扁平上皮がんの場合にも、腫瘍を切除する手術治療が行われます。放射線治療と組み合わせることもあり、早期治療で再発を抑えられるともいわれています。 

猫の鼻が黒くならないためにできる予防方法と日常のケア

猫の鼻が黒くならないためにできる予防方法と日常のケア

猫の鼻が黒くなるのを防ぐために、自宅でできる予防方法やケアについて紹介します。愛猫の健康のためにも、日頃から生活環境を整えることを心がけましょう。

 清潔を保つためのケア方法

顔に汚れが付いた場合でも、猫は毛づくろいをして自分で落とすことができます。自分で取れない汚れは飼い主が取ってあげましょう。鼻の辺りの汚れは、茶色く乾いた鼻くそが付くことがあります。これは涙が鼻へと流れて固まったものです。
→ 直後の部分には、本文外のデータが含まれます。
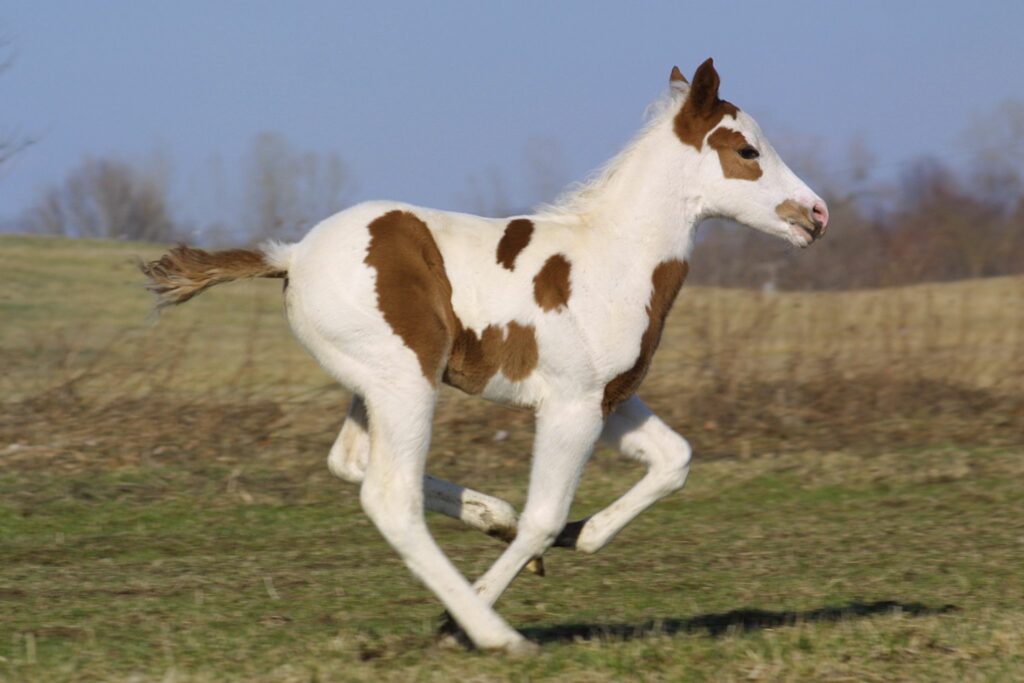 tovero paint foal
簡単に取れそうであれば、清潔なコットンか指で優しく拭き取ってください。なかなか取れない場合は無理やり擦らずに、動物病院で対処してもらいましょう。

室内飼いの猫は日常的にシャンプーは必要ありません。気になる場合は、ペット用の洗い流さないシャンプーとタオルを使って、マッサージをするように拭いてケアしてあげましょう。

カビや虫が原因の病気を防ぐためには、猫が生活する環境を清潔に保つことが大切です。猫自身のケアのほかにも、部屋やトイレ、寝床は常にきれいな状態にしておきましょう。虫よけ対策も忘れずに行ってください。

生活環境の改善を行う

猫の病気のなかには、皮膚糸状菌症のように免疫力の低下によってかかりやすくなるものもあります。免疫力は老化のほかにも、肥満やストレス、食事の内容など、生活習慣の影響もあります。健康的な生活をさせて免疫力を高められるように心がけましょう。
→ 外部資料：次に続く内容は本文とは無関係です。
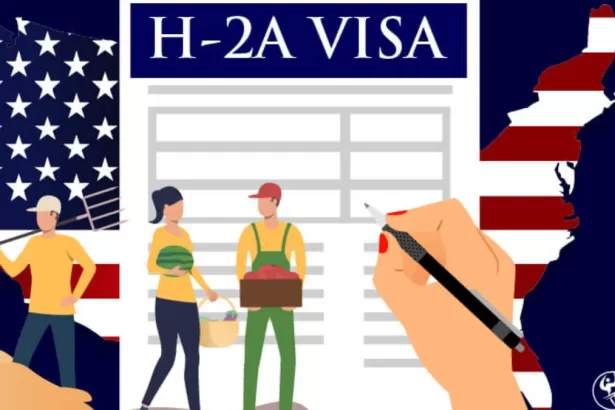 US H2A Work Visa Process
猫にとって快適な生活環境とはどのようなものでしょうか。健康的な環境づくりのポイントをいくつかご紹介します。

  • トイレは常に清潔にしておく
  • 日当たりがよく、くつろげげる場所を作る
  • 運動のできる高い場所を作る
  • 快適に過ごせる室温に設定
  • 同居動物との関係性に配慮
  • バランスの取れた食事内容にする

猫はきれい好きな生き物ですので、汚れたトイレでは用を足すのを嫌がることがあります。また、多頭飼いの場合はトイレを複数用意してあげてください。

部屋のなかでは、日当たりのよい場所や高い場所などに猫がくつろげるスペースを作ることも大切です。お気に入りのベッドやクッションなどを置いて、猫がストレスなく過ごせる場所を確保しましょう。爪とぎを置くのも大切です。猫は寝起きのストレッチやマーキングとして爪とぎを行います。
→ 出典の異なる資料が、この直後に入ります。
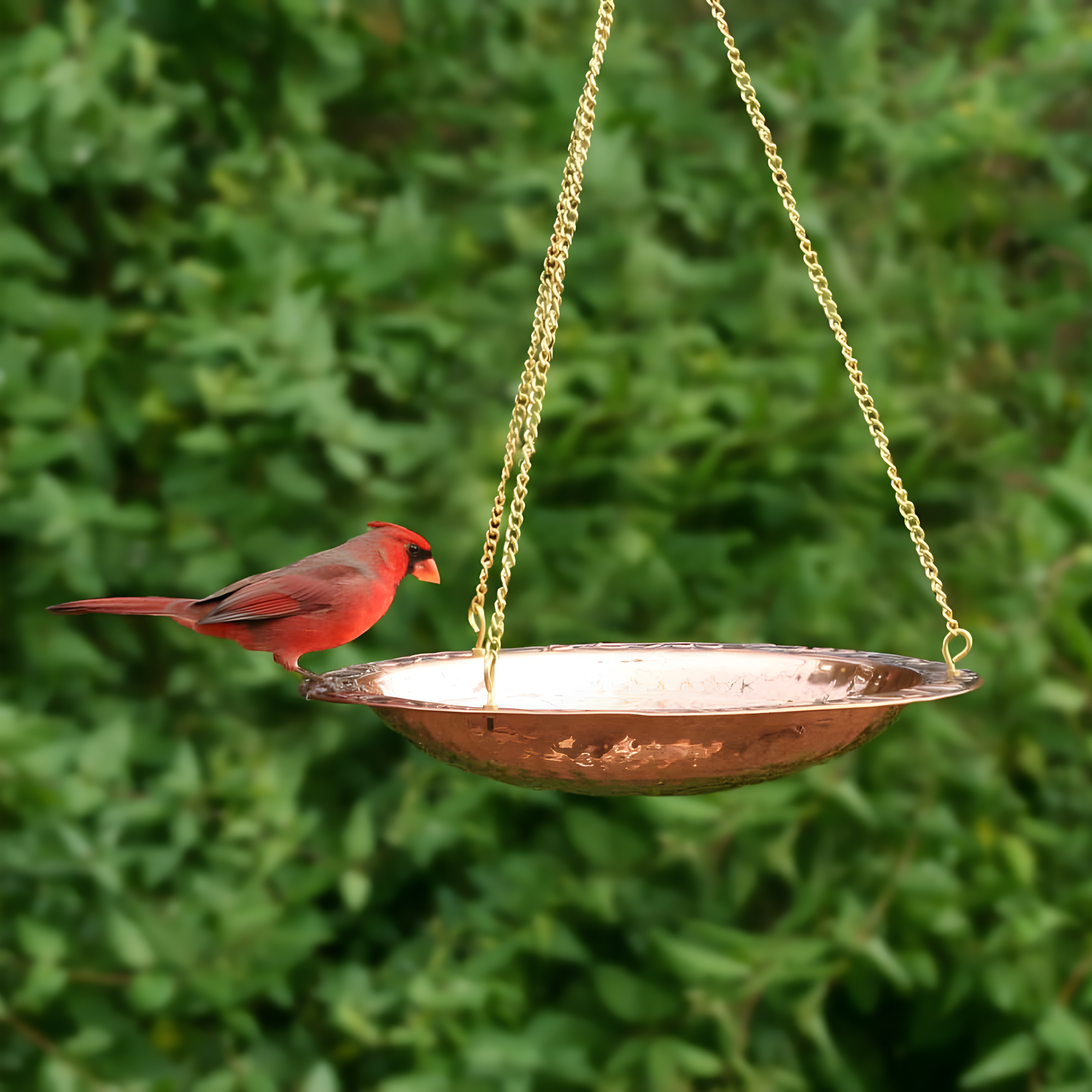 Good Directions Pure Copper Hanging Bird Bath, 13.5” Diameter, Features a Brass Chain, Bird Feeder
猫にストレスを感じさせない環境を作るには、同居動物との関係性や人の出入りにも気配りが必要です。物理的な環境以外にも、コミュニケーションの方法やストレスを感じる対象をできるだけ近づけないなど、行動面にも注意してあげるとよいでしょう。

猫が食べるフードは、栄養バランスが整ったものを選びましょう。年齢や体重に合ったもの、原材料の品質のよいもの、不要な添加物の入っていないものなど、それぞれの猫に適した質のよいフードを選びましょう。免疫力アップが期待できるフードやサプリも販売されていますので、取り入れてみるのもひとつの手です。

定期的な健康診断を受ける

定期的な健康診断を受けることは、愛猫の健康を守るうえでもとても大切です。症状として現れていなくても、健康診断をきっかけに病気が見つかることもあります。特に重い病気は、早期発見と早期治療が重要です。特に気になる点がなかったとしても、定期的に健康診断は受けるようにしましょう。

まとめ

猫の鼻が黒い理由としては、ほくろやシミのほか、汚れやかさぶたが付着していることが考えられます。よく見られる病気は皮膚糸状菌症やアレルギーですが、まれにメラノーマや扁平上皮がんなどの重大な病気にかかっている可能性もあります。黒い部分の形や大きさが変わっていたり赤みが出ていたりする場合には、早めに動物病院を受診しましょう。猫の健康のためには、日頃から様子をよく観察して異変に早く気付くことや、生活環境を清潔で快適に整えることが大切です。また、気になる点がなかったとしても、定期的に健康診断を受けるようにしましょう。